Dataset content:
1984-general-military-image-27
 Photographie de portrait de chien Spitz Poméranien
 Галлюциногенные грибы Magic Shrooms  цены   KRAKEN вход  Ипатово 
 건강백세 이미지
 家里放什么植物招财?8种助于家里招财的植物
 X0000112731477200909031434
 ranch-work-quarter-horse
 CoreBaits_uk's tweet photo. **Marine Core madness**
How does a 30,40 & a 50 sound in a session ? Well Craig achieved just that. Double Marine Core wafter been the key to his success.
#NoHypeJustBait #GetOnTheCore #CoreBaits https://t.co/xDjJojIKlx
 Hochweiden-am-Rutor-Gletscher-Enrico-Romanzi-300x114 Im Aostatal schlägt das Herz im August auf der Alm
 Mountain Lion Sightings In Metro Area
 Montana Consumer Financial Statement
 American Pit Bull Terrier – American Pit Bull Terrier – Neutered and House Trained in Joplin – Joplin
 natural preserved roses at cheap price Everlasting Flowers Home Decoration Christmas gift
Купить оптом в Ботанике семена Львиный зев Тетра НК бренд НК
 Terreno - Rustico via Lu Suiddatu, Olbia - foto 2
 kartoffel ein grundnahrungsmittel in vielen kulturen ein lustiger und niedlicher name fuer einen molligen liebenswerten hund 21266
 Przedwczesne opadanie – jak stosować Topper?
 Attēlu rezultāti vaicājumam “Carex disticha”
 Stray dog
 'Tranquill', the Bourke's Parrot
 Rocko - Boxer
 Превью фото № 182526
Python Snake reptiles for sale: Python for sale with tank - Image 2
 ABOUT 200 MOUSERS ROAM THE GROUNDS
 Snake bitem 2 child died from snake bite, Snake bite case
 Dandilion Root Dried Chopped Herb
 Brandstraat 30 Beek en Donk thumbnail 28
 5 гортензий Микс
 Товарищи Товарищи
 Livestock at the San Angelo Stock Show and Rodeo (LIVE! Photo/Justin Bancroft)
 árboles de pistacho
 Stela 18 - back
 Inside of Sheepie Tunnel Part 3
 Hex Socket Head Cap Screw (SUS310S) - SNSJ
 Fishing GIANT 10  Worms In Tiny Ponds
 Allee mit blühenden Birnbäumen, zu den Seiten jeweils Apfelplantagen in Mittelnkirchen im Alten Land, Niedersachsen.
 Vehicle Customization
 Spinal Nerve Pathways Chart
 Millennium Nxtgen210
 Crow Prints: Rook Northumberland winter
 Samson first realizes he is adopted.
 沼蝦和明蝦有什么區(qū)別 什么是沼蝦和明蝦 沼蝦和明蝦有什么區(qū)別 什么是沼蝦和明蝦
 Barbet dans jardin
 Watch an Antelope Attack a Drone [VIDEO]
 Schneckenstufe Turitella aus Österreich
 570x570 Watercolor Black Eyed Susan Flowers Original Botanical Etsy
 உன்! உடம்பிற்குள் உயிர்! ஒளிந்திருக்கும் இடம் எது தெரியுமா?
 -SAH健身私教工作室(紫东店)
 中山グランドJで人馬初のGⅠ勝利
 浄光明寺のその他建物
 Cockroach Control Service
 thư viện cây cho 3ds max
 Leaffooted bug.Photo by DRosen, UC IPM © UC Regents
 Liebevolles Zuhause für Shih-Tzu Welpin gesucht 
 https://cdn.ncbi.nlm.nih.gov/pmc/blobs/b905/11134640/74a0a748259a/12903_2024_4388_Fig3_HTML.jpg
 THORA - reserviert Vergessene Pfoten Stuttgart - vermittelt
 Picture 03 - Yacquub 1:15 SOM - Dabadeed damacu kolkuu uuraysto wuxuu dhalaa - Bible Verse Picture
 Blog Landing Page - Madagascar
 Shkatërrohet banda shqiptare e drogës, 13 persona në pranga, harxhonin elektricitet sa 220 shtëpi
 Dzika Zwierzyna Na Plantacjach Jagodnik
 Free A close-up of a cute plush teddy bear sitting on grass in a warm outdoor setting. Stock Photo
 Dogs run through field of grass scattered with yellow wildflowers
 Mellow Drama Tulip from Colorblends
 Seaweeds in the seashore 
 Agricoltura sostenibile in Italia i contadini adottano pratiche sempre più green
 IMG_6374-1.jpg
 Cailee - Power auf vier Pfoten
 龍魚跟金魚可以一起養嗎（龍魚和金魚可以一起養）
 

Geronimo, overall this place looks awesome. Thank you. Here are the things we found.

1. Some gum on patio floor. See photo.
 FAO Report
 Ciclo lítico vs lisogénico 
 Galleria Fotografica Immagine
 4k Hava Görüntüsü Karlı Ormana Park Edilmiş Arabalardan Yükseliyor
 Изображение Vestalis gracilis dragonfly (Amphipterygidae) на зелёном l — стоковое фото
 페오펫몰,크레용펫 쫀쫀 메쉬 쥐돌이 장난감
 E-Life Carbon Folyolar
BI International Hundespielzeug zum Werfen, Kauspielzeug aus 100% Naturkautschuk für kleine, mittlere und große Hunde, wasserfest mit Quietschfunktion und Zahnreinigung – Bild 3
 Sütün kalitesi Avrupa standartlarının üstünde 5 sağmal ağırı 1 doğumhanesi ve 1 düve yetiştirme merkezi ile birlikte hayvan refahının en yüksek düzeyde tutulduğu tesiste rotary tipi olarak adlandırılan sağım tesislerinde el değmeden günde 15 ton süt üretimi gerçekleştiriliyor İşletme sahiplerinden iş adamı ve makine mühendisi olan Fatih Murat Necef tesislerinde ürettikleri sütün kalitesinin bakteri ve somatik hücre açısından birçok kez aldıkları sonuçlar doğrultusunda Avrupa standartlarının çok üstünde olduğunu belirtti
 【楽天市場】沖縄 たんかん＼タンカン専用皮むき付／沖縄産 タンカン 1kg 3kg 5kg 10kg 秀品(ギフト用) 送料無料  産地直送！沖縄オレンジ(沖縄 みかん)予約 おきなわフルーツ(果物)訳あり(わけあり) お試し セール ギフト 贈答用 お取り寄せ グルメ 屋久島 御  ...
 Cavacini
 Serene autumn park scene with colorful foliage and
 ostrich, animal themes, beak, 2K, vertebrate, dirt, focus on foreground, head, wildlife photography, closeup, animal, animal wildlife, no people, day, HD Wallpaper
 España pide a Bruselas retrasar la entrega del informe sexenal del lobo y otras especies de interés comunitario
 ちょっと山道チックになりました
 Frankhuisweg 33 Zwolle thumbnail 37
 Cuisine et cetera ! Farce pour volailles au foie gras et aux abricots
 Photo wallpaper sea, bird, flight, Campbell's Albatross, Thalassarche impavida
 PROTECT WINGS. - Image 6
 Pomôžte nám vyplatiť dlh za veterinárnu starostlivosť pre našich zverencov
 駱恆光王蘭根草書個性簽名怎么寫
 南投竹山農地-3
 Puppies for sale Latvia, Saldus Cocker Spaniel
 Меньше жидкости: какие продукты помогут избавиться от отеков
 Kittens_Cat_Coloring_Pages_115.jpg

Exercise prompt:
Report how many lines of the records above contain the word "Snake", giving only the number.

Answer to this exercise:
2